The interpretation of pollen and macrofossil results presented here is supported by soil biosequences in the study area of Gouillé Rion and Gouillé Loéré (Tinner et al., 1996). Biosequences based on soil-development models are probably the most systematic way to analyze variation in soils due to potential or actual vegetation (e.g., Ugolini and Edmonds, 1983; Birkeland, 1999). Various features (horizons, texture, skeleton, structure, color—for methodology and interpretation see Tinner et al., 1996) in 26 soil profiles indicate that closed forests reached 2400–2450 m a.s.l. (i.e., 100–150 m higher than today's potential timberline, and about 50–100 m above today's tree limit) during the Holocene. According to soil biosequences the treeline ecocline (and hence the regular occurrence of single trees) encompassed 50–100 altitudinal meters, reaching 2450–2500 m a.s.l. It is striking how closely the macrofossil-inferred maximum position of Holocene timberline (ca. 2420 m) coincides with a marked change in soil properties as evidenced by soil biosequences (ca. 2410 m; Tinner et al., 1996). Soils above 2470 m present the same properties as alpine soils between 2500 and 2600 m. This suggests a sparse presence of trees in the upper treeline ecocline. Carnelli et al. (submitted) reached the same conclusion for the Lengi Egga site.

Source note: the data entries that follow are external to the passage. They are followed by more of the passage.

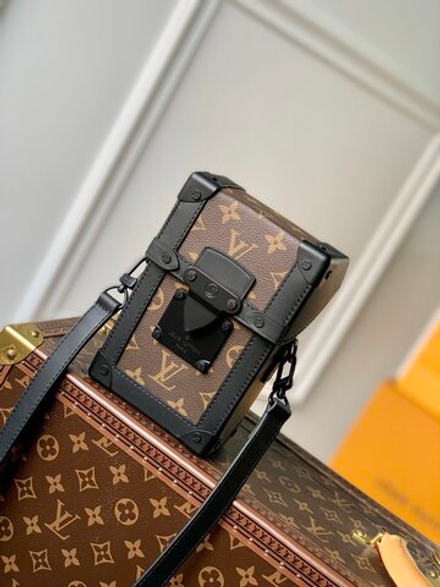 Louis Vuitton Vertical Trunk Wearable Wallet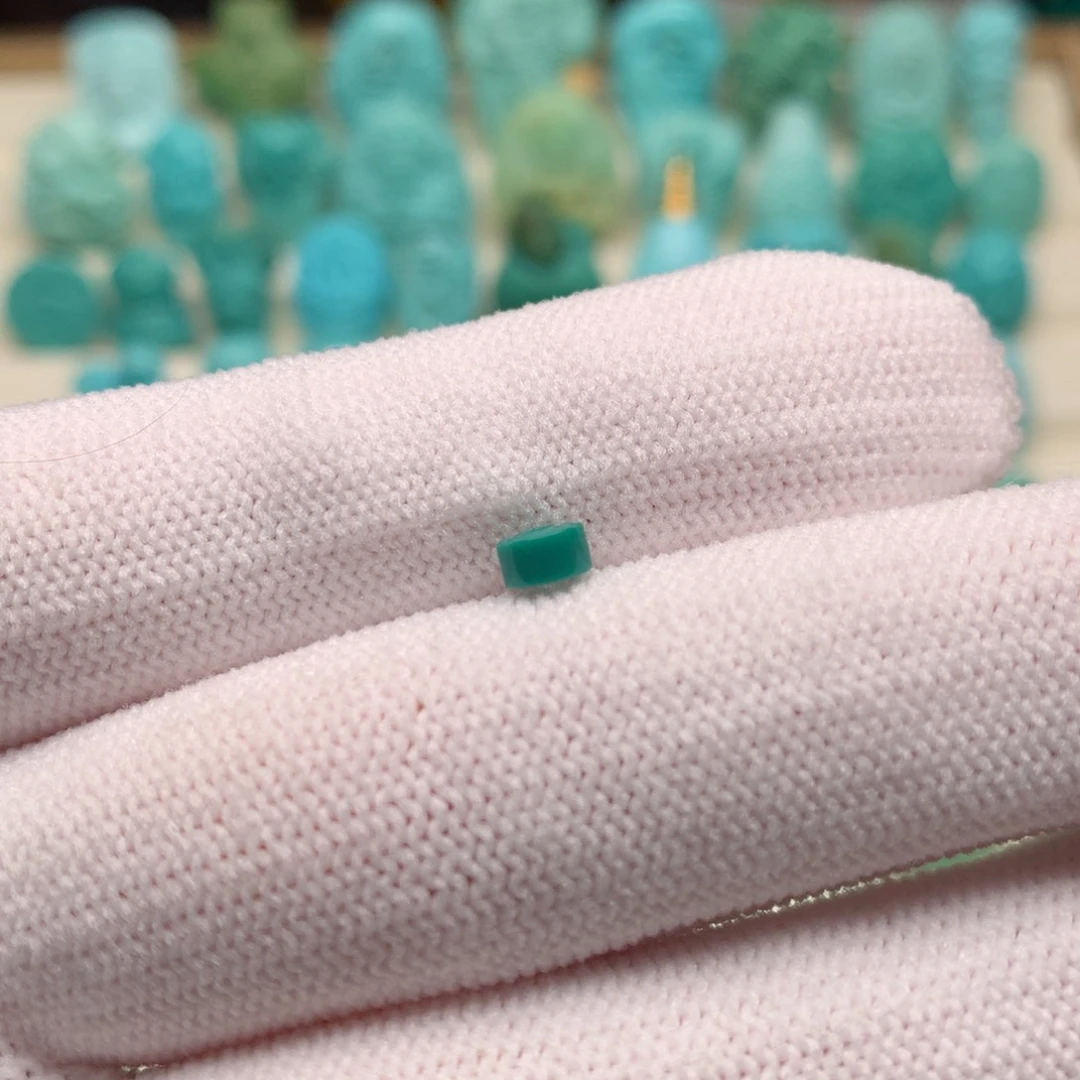 绿松石配饰未镶嵌陈*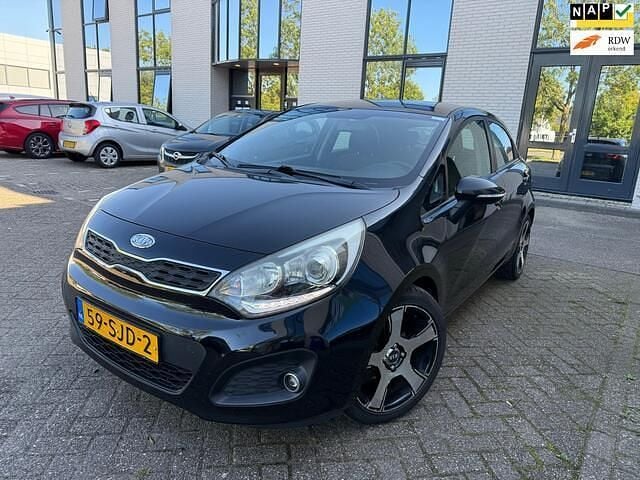 Zwart Gebruikt 2011 Kia Rio 2 Hatchback | € 3.950 (Eerlijke prijs) - Afbeelding 1/4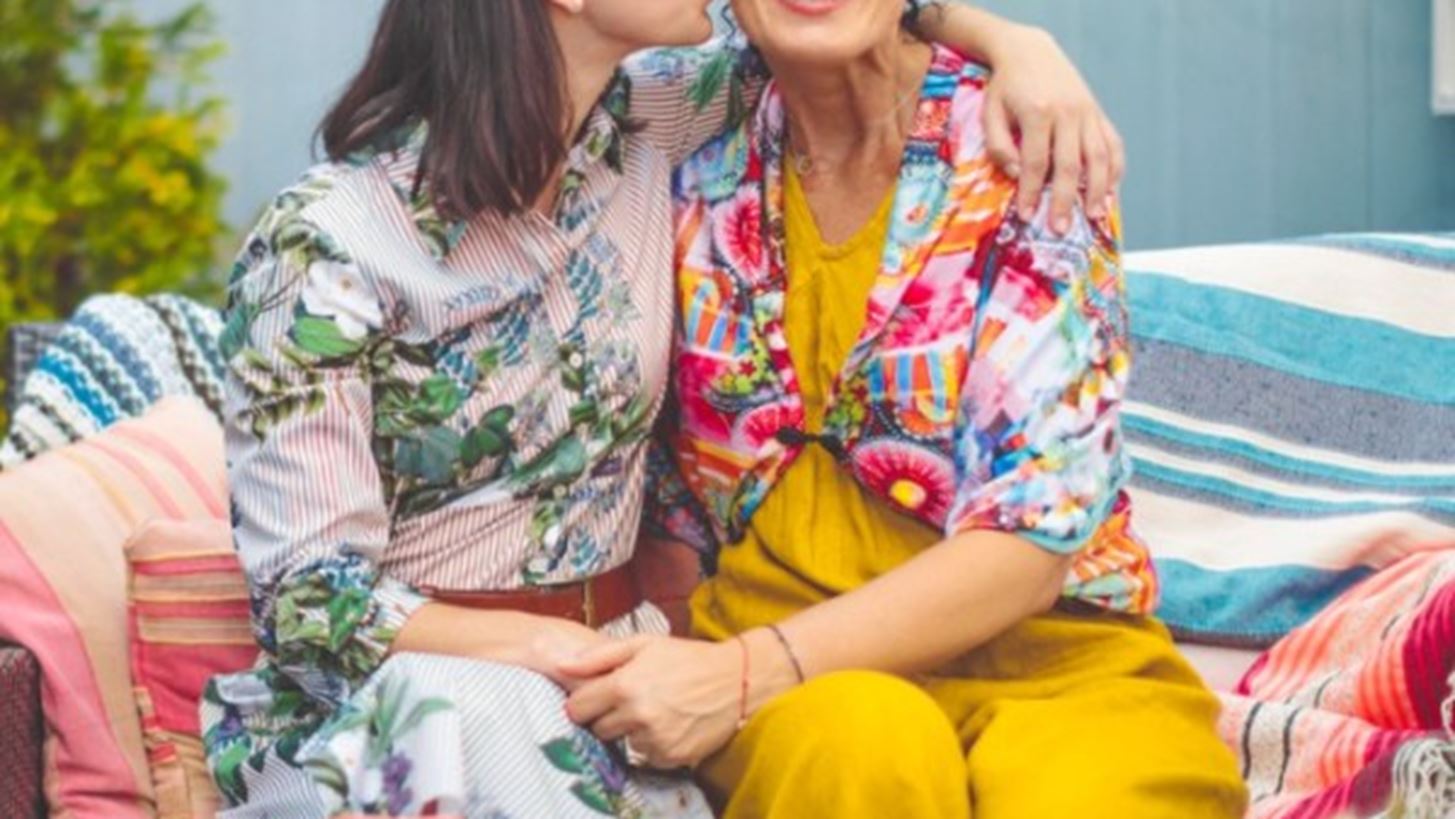 &#x3A3;&#x3C7;&#x3AD;&#x3C3;&#x3B7; &#x3BC;&#x3AC;&#x3BC;&#x3B1;&#x3C2; &#x3BA;&#x3B1;&#x3B9; &#x3BA;&#x3CC;&#x3C1;&#x3B7;&#x3C2;: &#x3A0;&#x3AC;&#x3C1;&#x3B5; &#x3BC;&#x3CC;&#x3BD;&#x3BF; &#x3C4;&#x3B1; &#x3B8;&#x3B5;&#x3C4;&#x3B9;&#x3BA;&#x3AC;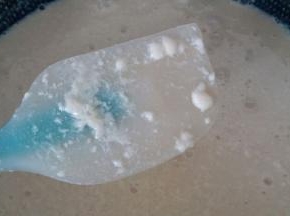 过了8分钟，豆花和水分离开来
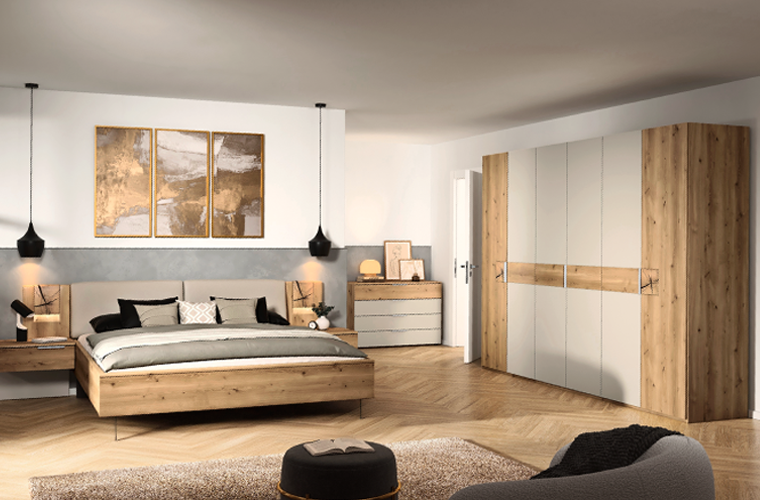 Schlafzimmer „Husum“ in Holzoptik und mit hellen Fronten.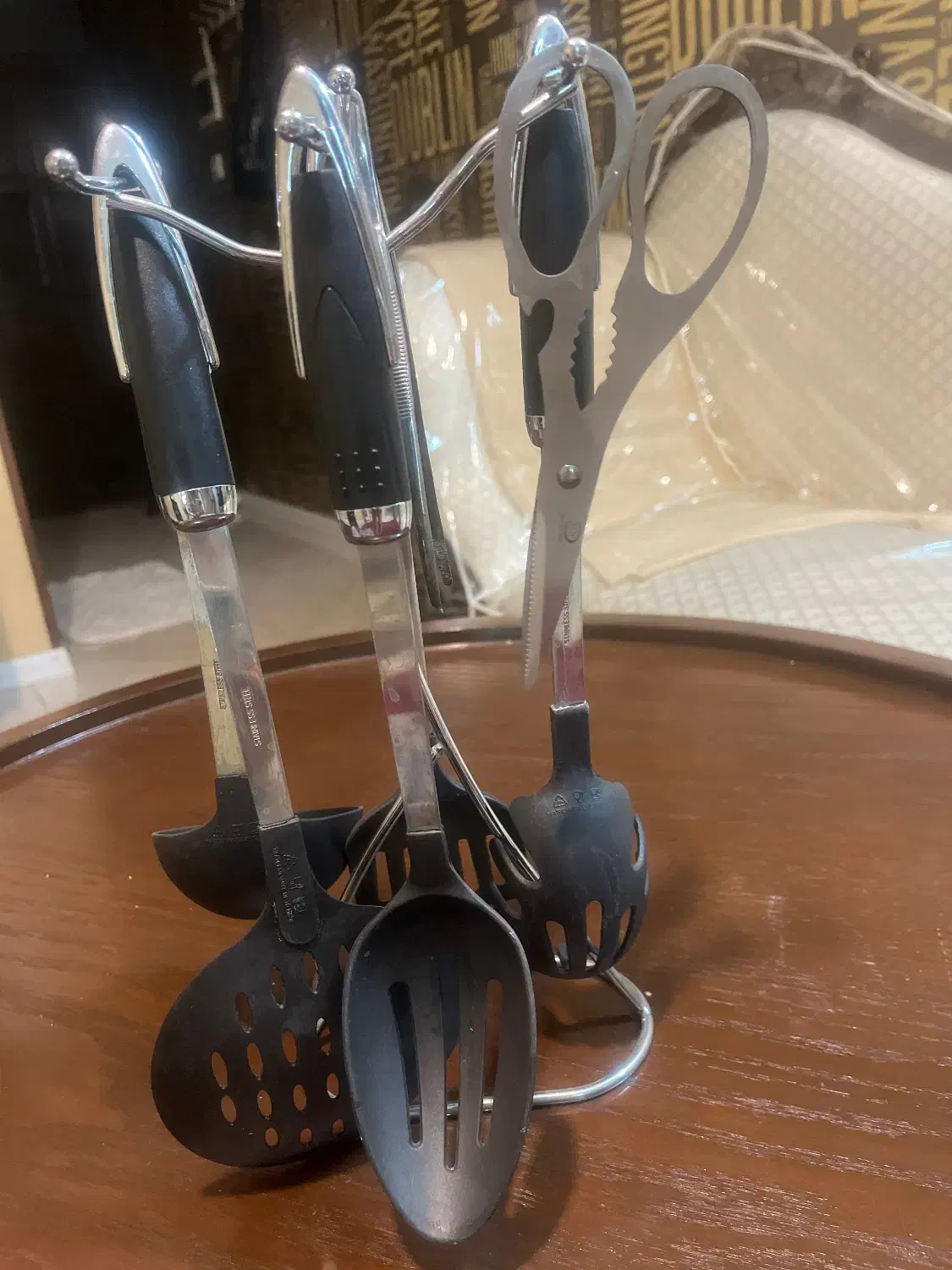 ست کفگیر ملاقه|آب‌چکان و نظم‌دهنده ظروف|مشهد, شهید فرامرز عباسی|دیوار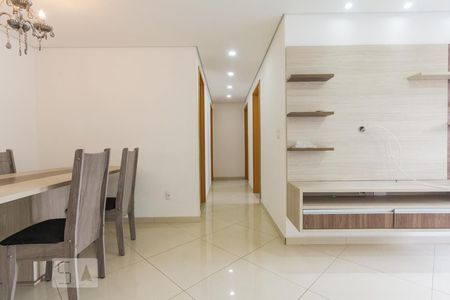 Sala e Sala de Jantar de apartamento para alugar com 3 quartos, 89m² em Vila Assis Brasil, Mauá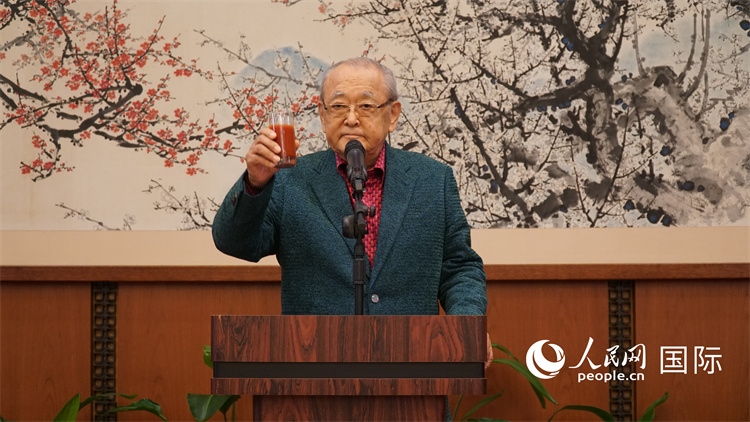 原東京國(guó)際電影節(jié)主席依田巽致祝酒辭。人民網(wǎng) 蔣曉辰攝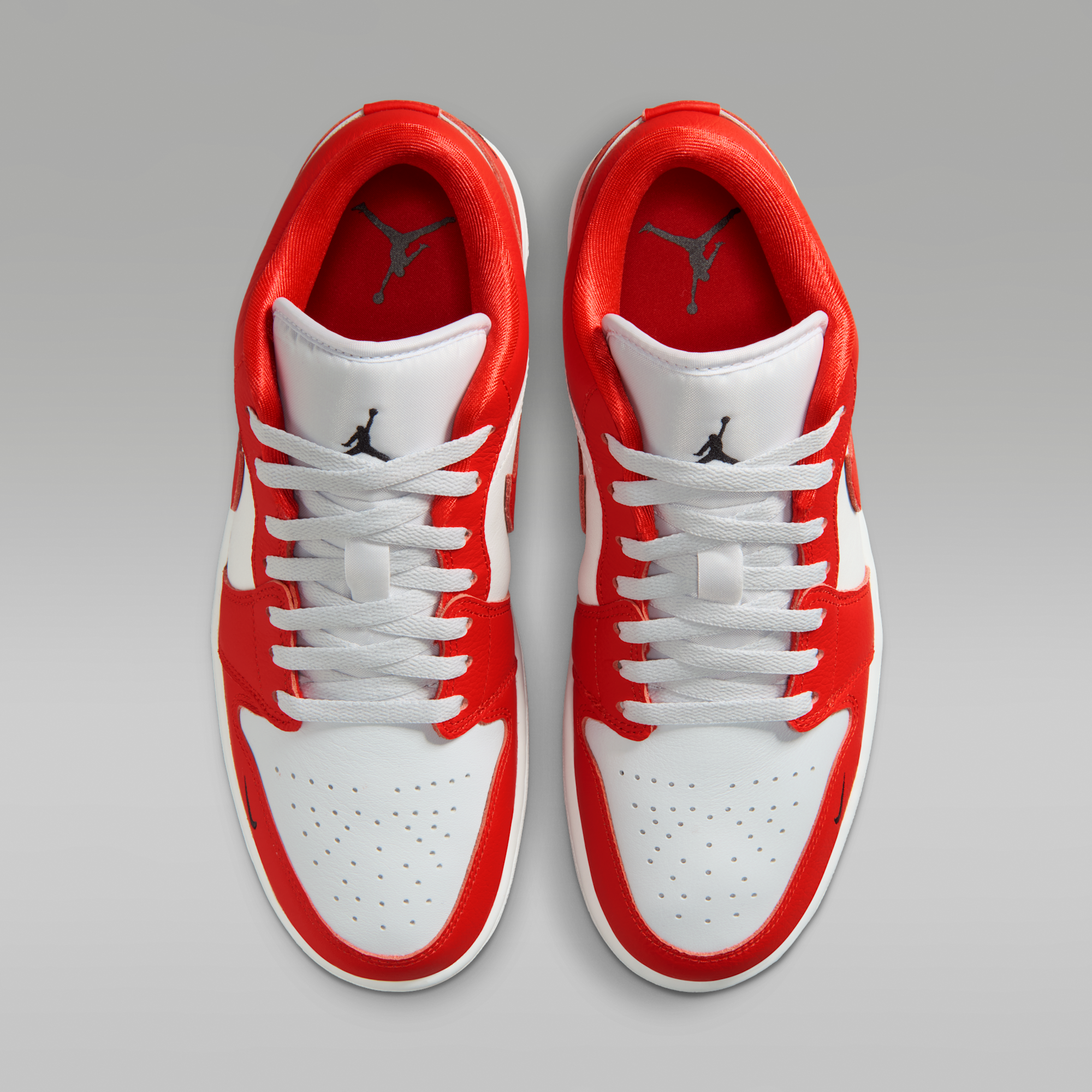 Air Jordan 1 Low SE - Chile Red/Summit White/Pure Platinum/Μαύρο - 4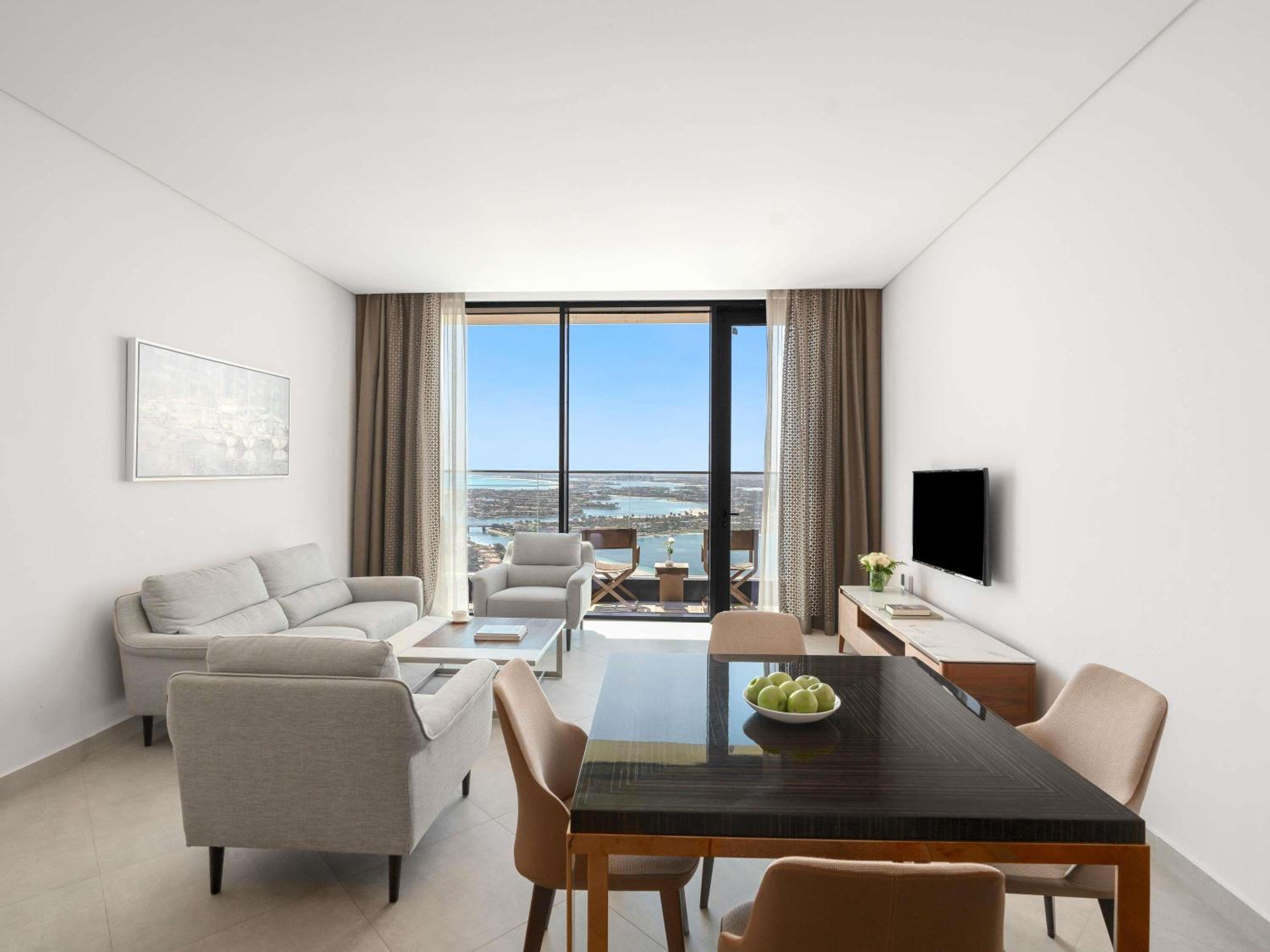 Two-Bedroom Suite - Photo 2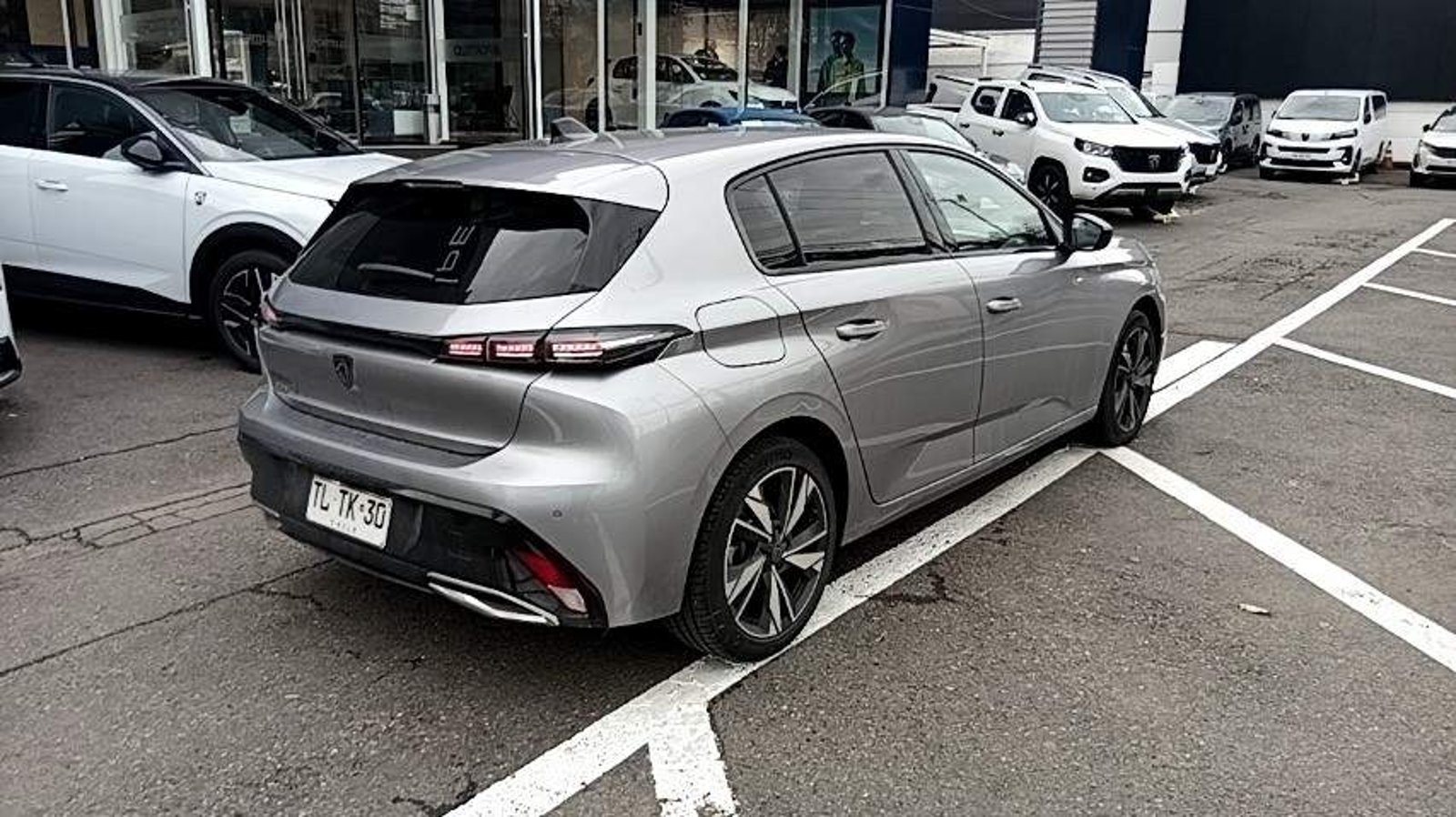 Peugeot 308 1.2 Allure Pack Puretech 130 4x2 Eat8 5p 2024 - Imagen 3 de 4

The timberline position as indicated by macrofossil findings and soil biosequences is slightly higher than suggested in previous pollen and stomata-based estimates (see Lang, 1994: 2300–2400 m). In our records no evidence could be found for a conspicuous presence of krummholz-like Pinus cembra and Larix above tree limit (i.e., the upper boundary of the treeline ecocline, 2530 m). Because net biomass productivity in subalpine forests is about four to five times higher than in alpine meadows (800–1000 g m−2 yr−1 vs. 200 g m−2 yr−1; Ellenberg, 1996; Strassburger et al., 1991), the average values of tree species remains at Lengi Egga (about 5%, see Fig. 8) and G . Loéré (30%) probably overestimate the effective tree-cover, even if we assume that all tree macrofossils derived from individuals growing in situ.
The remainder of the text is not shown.